Try it:
The data below is to be copied exactly, line by line.
^^^^^^^^^^^^^^^^
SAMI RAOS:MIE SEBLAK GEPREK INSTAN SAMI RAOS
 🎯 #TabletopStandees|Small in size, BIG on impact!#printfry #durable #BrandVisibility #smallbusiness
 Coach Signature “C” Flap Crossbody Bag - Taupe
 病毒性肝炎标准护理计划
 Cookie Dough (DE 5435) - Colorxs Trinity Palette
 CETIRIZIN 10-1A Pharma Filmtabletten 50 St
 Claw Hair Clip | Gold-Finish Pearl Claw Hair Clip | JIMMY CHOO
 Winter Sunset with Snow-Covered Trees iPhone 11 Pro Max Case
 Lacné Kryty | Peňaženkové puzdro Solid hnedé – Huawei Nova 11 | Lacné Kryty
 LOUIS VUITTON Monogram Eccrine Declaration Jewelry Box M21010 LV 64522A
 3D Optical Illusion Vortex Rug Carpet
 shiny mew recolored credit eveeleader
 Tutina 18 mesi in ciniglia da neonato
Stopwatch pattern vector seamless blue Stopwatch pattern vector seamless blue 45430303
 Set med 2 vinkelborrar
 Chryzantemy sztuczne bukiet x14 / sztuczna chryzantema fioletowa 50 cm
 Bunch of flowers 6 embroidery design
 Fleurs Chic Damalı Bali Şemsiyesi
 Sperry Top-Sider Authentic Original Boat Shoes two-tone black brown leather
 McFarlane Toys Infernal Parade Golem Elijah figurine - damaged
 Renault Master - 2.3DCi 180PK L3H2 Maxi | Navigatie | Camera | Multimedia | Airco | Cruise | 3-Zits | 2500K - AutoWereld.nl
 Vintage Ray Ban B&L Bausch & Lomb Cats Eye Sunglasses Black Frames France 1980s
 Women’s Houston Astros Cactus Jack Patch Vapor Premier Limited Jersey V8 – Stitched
^^^^^^^^^^^^^^^^
Response area:
SAMI RAOS:MIE SEBLAK GEPREK INSTAN SAMI RAOS
 🎯 #TabletopStandees|Small in size, BIG on impact!#printfry #durable #BrandVisibility #smallbusiness
 Coach Signature “C” Flap Crossbody Bag - Taupe
 病毒性肝炎标准护理计划
 Cookie Dough (DE 5435) - Colorxs Trinity Palette
 CETIRIZIN 10-1A Pharma Filmtabletten 50 St
 Claw Hair Clip | Gold-Finish Pearl Claw Hair Clip | JIMMY CHOO
 Winter Sunset with Snow-Covered Trees iPhone 11 Pro Max Case
 Lacné Kryty | Peňaženkové puzdro Solid hnedé – Huawei Nova 11 | Lacné Kryty
 LOUIS VUITTON Monogram Eccrine Declaration Jewelry Box M21010 LV 64522A
 3D Optical Illusion Vortex Rug Carpet
 shiny mew recolored credit eveeleader
 Tutina 18 mesi in ciniglia da neonato
Stopwatch pattern vector seamless blue Stopwatch pattern vector seamless blue 45430303
 Set med 2 vinkelborrar
 Chryzantemy sztuczne bukiet x14 / sztuczna chryzantema fioletowa 50 cm
 Bunch of flowers 6 embroidery design
 Fleurs Chic Damalı Bali Şemsiyesi
 Sperry Top-Sider Authentic Original Boat Shoes two-tone black brown leather
 McFarlane Toys Infernal Parade Golem Elijah figurine - damaged
 Renault Master - 2.3DCi 180PK L3H2 Maxi | Navigatie | Camera | Multimedia | Airco | Cruise | 3-Zits | 2500K - AutoWereld.nl
 Vintage Ray Ban B&L Bausch & Lomb Cats Eye Sunglasses Black Frames France 1980s
 Women’s Houston Astros Cactus Jack Patch Vapor Premier Limited Jersey V8 – Stitched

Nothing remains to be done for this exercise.